Make the traces easy to find
None of this works if you can’t find the trace in the first place, which is the part of agent monitoring nobody demos.
My agent records inputs and outputs in its telemetry, so the whole exchange and every tool result land in Sentry with a stable conversation_id attached:
experimental_telemetry: {
isEnabled: true,
functionId: "conference-scheduler.schedule",
recordInputs: true,
recordOutputs: true,
metadata: {
agent: "schedule",
model_id: config.id,
conversation_id: context.conversationId,
},
},A teammate went further on their own agent. They log the first user message with a few attributes and a link straight back to the trace, so when something looks off they search the text instead of their memory:
Sentry.logger.info("agent conversation started", {
conversation_id: conversationId,
first_message: messages[0].content,
user_tier: identity.tier,
conversation_url: `https://your-app.com/admin/conversations/${conversationId}`,
});The useful part is that the agent trace lands next to the errors, performance data, and logs from the same request. When an answer looks wrong, you can read it and then follow it to the empty query or the bad route behind it, which is the step a standalone eval score leaves you to guess at.
Read the agent traces before you reach for the fix
Picking a model, routing a question, writing a prompt, deciding what to test: these are all tradeoffs, and none of them come with a dashboard that tells you whether you got them right. An eval will tell you when a known thing regresses. It will not tell you what you haven’t thought to check yet, and it will not make the cost-versus-quality call for the people on your free tier.

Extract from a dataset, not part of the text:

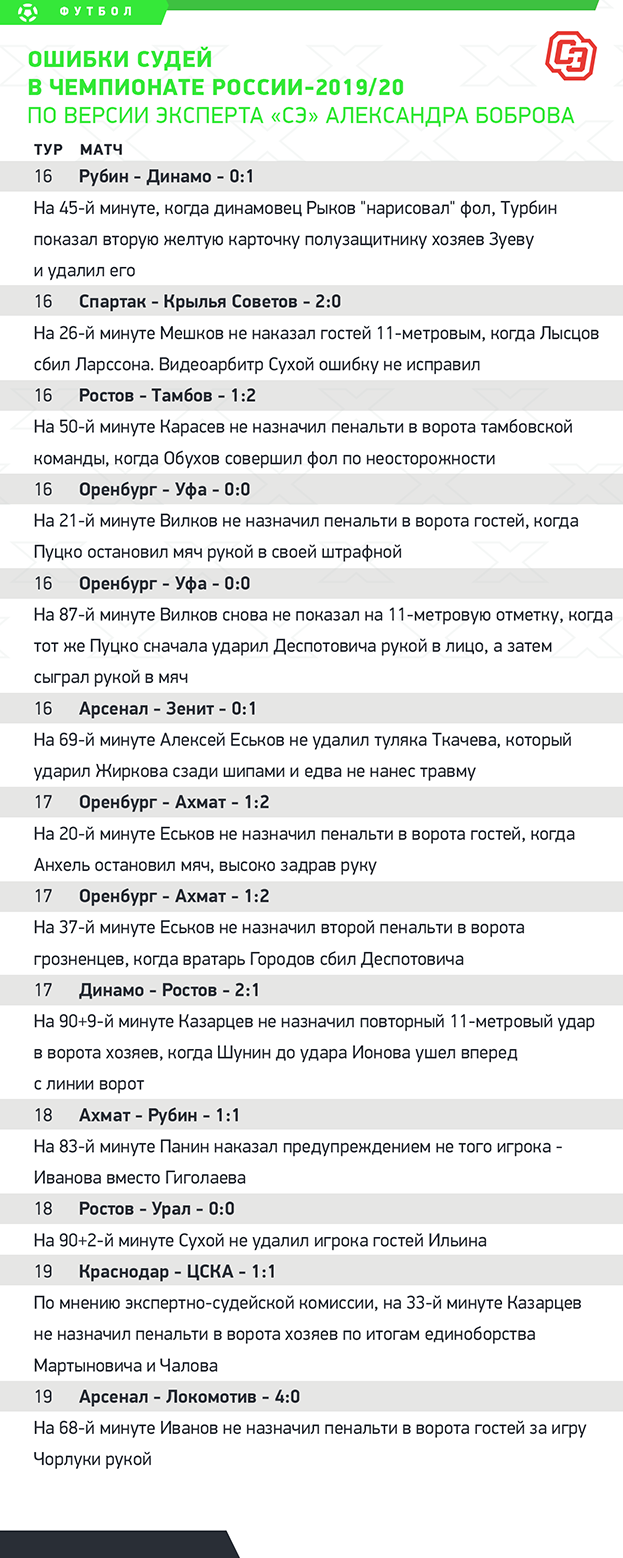 Ошибки судей в чемпионате России-2019/20. По версии эксперта «СЭ» Александра Боброва.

So before you swap a model or add a judge, go read some traces. That is less manual than it used to be. Point your coding agent at the Sentry MCP and it can run search_ai_conversations to surface the traces worth reading, then get_ai_conversation_details to pull the transcript with every tool call and the input and output it actually returned.
Read the traces, then make the call your eval can’t.
FAQs
How do you choose a model for an AI agent?
It's a tradeoff between cost, quality, speed, and availability. Cheaper or open models keep costs down but tend to follow instructions less reliably; frontier models cost more and add latency. The right call depends on who is on the other end and what a wrong answer actually costs you.
Can an eval catch a hallucinated agent answer?
Often, yes. A groundedness check that asserts the answer only references entities present in the tool output or your database will catch many fabrications, and you can write it as a normal test. What an eval can't do is decide whether a model's cost and quality tradeoff is acceptable for a given tier.
What does it mean to spot-check an AI agent?
Reading individual agent traces by hand, including every tool call and the data the tool returned, to judge whether the agent did the right thing. It is manual review, not an automated score.
Why isn't a tool call proof that the answer is grounded?
Calling a tool does not mean the answer used the tool's output. An agent can call a tool, then overrun what it returned and fill the gap from its training data. You have to read the tool's output, not just confirm a tool ran.
Why do AI agents make up information like fake names or sources?
Usually because the data they need isn't in what their tools returned, so the model fills the gap from its training data instead of saying it can't find it. A cheaper or open model is more prone to this because it follows grounding instructions less reliably. The fix is a mix: routing so the question reaches a tool that can actually answer it, a prompt that forbids naming anything a tool didn't return, and a groundedness check in CI.